**What to work on**
Only the tail of the listing is wanted: the line containing "2026马年哪个月的宝宝好：2026年生马备孕最佳时间表" and all after it, repeated exactly, pictures omitted.

**Supplied data**
>>>

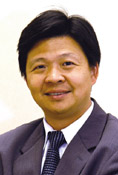 ic72新闻中心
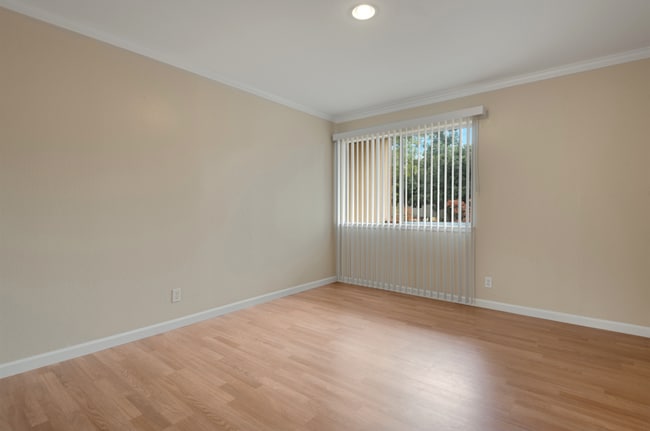 Interior Photo - Stanford Garden Apartments
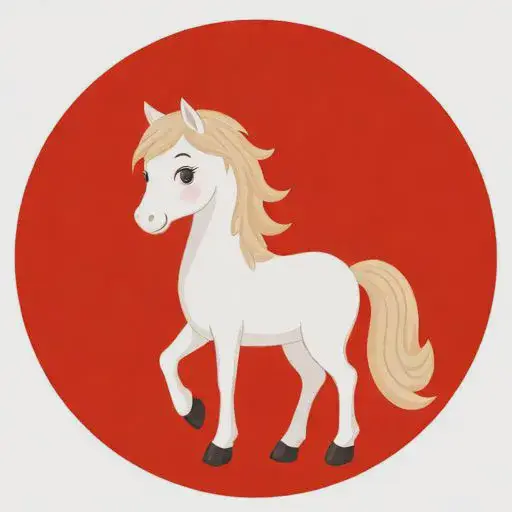 2026马年哪个月的宝宝好：2026年生马备孕最佳时间表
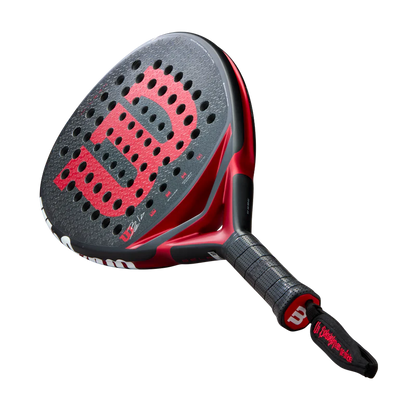 WILSON BELA PRO V3 2025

<<<

**Response below**
 2026马年哪个月的宝宝好：2026年生马备孕最佳时间表
 WILSON BELA PRO V3 2025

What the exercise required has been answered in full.